Eni V. Panggabean (Antara)

Bank Indonesia (BI) has moved to enhance monitoring of suspected money-laundering activities and terrorism funding in financial technology (fintech) operators and money changers, through revised regulations.

The policy has been issued as criminals have targeted financial services in Indonesia that are poorly monitored, such as money changers and fintech services, as they can use them to channel illicit funds without getting caught.

Aware of the need to strengthen monitoring, BI and the National Police in the past few months required owners of all money changers to register for a license if they wished to continue operating.

The central bank did not stop there. It issued earlier this month Regulation No. 19/2017, which aims to curb money laundering and terrorism-funding activities related to non-bank entities offering payment systems.

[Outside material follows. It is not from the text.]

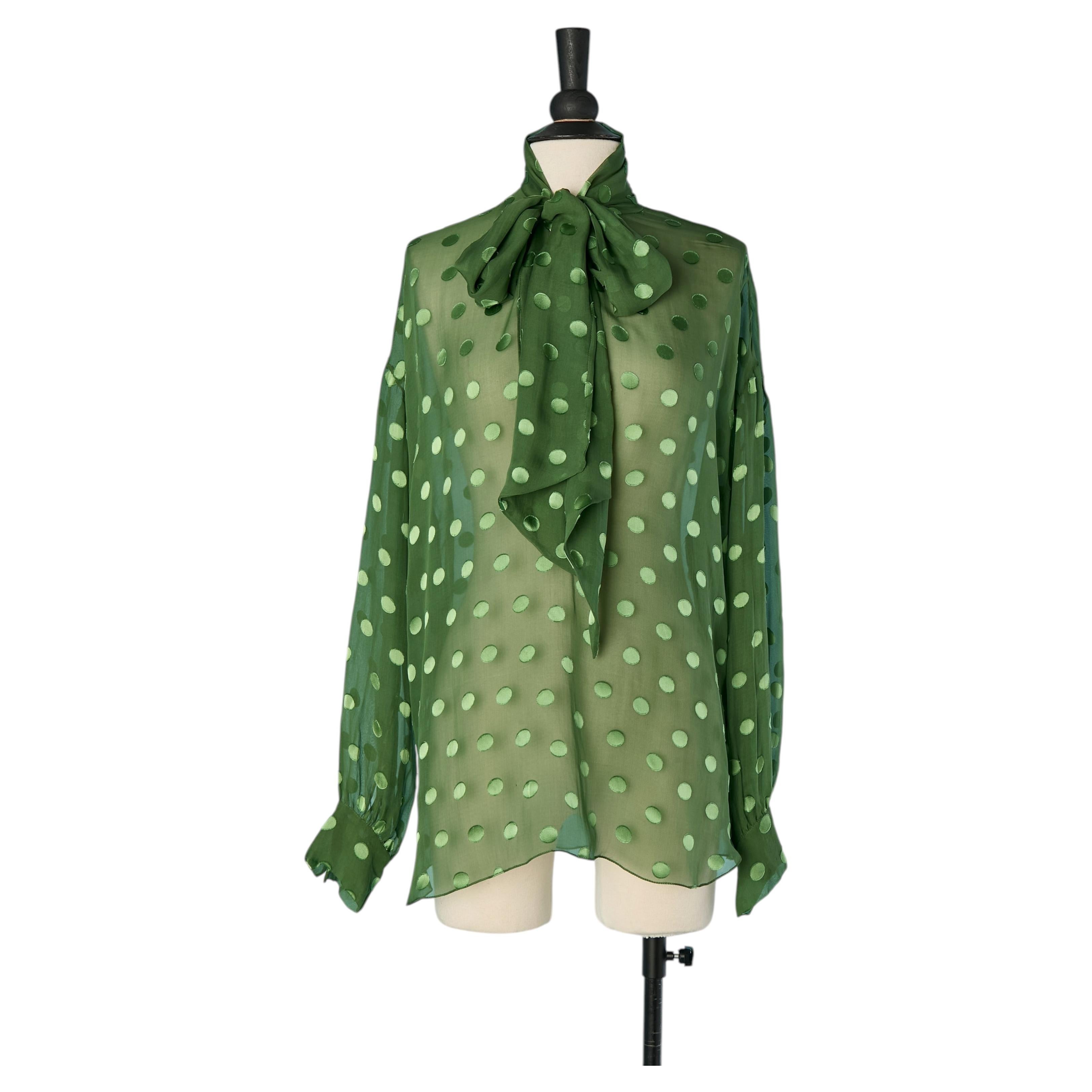 See-through silk jacquard shirt with Polka dots pattern ALEXANDRE VAUTHIER For Sale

These non-bank operators, such as fintech and e-wallet, have been mushrooming in the country recently.

The new rule, which revises two previous regulations on similar issues in 2010 and 2012, was created based on BI’s findings that a financial sector with more complex products, services and business models would be at greater risk of falling victim to criminal acts.

“[The previous regulations] needed enhancements to accommodate various developments in the industry today, especially in fintech and the digital economy [...],” said Eni V. Panggabean, BI’s executive director of payment system policy and supervision, in a media briefing on Wednesday.

The new regulation, which will be fully imposed in six months, requires non-bank payment system operators to implement prevention measures against money laundering and terrorism funding.

For instance, industry players are obliged to conduct customer due diligence (CDD) and report to the Financial Transactions Report and Analysis Center (PPATK) if they detect suspicious or irregular transactions.

The players are also obliged to conduct a “freezing without delay” measure on suspicious accounts with the assistance of the National Police and the Supreme Court.

Such an enhancement in regulation and supervision to fight money laundering is part of the country’s compliance with the recommendations set by the Financial Action Task Force on Money Laundering (FATF), an intergovernmental body formed by the G20 countries including Indonesia.

The number of fintech businesses operating in Indonesia soared to 135 last year from only 51 firms recorded as of the first quarter of 2016, Financial Services Authority (OJK) data show.

Indonesia Fintech Association deputy chairman Adrian Gunadi was confident that the new rule would not hamper fintech development as the players were prepared to prevent money laundering practices from occurring using their technological innovations, such as face recognition, fingerprint scanning and geotagging.

“Various technologies for applicable EKYCs [electronic know your customers] are available overseas. Several fintech firms seem to adopt it to comply [with local regulations].”